Compared to standalone shells we’ve seen, Macally’s isn’t terribly impressive, but it’s certainly acceptable. Crystal clear, it allows any dust or other particulates on the back of the tablet to show through, so you’ll want to make sure you give the iPad a good wipe before installation. The shell lacks button protection, as most do, but does run all the way to three of the four edges, leaving openings for the ports. An almost 7”-long gap on the right edge leaves room for the lid to attach. On our review unit, the openings seemed to be just slightly to the right of perfectly centered, but not enough to limit access by even oversized headphone and Lightning plugs. The most interesting aspect of the shell may well be the speaker coverage: instead of wide openings exposing the grilles, or dots in the plastic corresponding to the holes below, Macally chose to have the plastic curve under the speakers, and port the audio forward. It doesn’t effect the volume significantly, but we appreciate that the music plays straight out of the iPad’s front, instead of down.
Compared to the iPad Air Smart Cover, Clear Case with Reversible Cover’s lid falls short in most regards. The three-columned cover has microfiber on one side, and a different synthetic fabric on the other, with a patent leather-looking tab on the right column; you can choose to have either side facing out. Instead of magnetically attaching to the body of the iPad like a Smart Cover, it’s held in place by the plastic shell. It’s not an ideal design, but it does work. There are still magnets in the lid, though, which are used to lock and unlock the iPad Air’s screen. Additionally, the cover folds into a triangle for viewing and typings stands. The former is much steeper than we’re used to at about 80°, but the keyboard position is more appropriate.

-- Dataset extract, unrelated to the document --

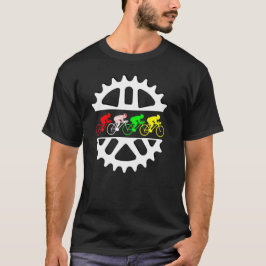 ETAPA TOUR PRO CICLISMO Tシャツ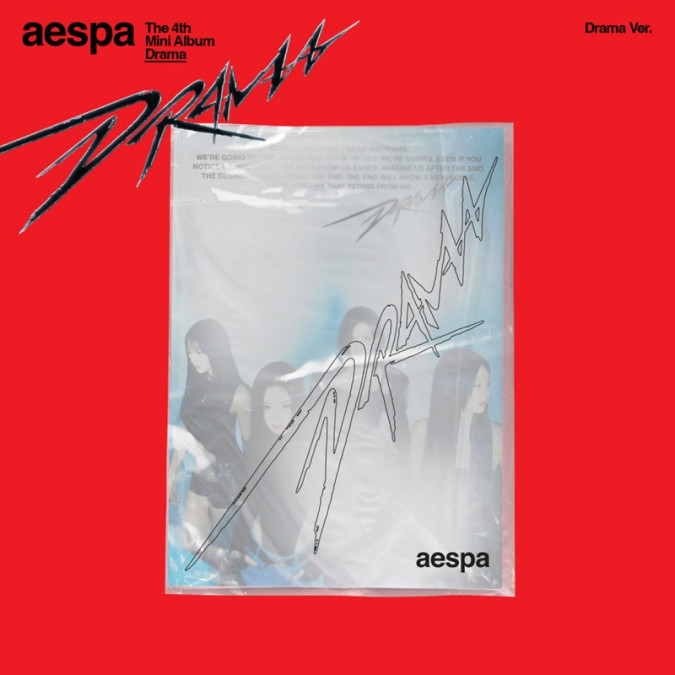 AESPA - Drama [Drama ver.] [2451]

Even though we don’t love all of the specific design choices in the Clear Case with Reversible Cover, it’s hard to argue with what it offers for the price. It’s $15 less than CaseCrown’s Omni, which was previously the least expensive case to offer a similar level and type of coverage. While it’s not as attractive, it does pretty much the same things, and you’ll be hard-pressed to find a case with the same level of protection and functionality for the price. That’s why it earns an A-, losing points primarily for aesthetics. Otherwise, it’s a great budget case for the iPad Air.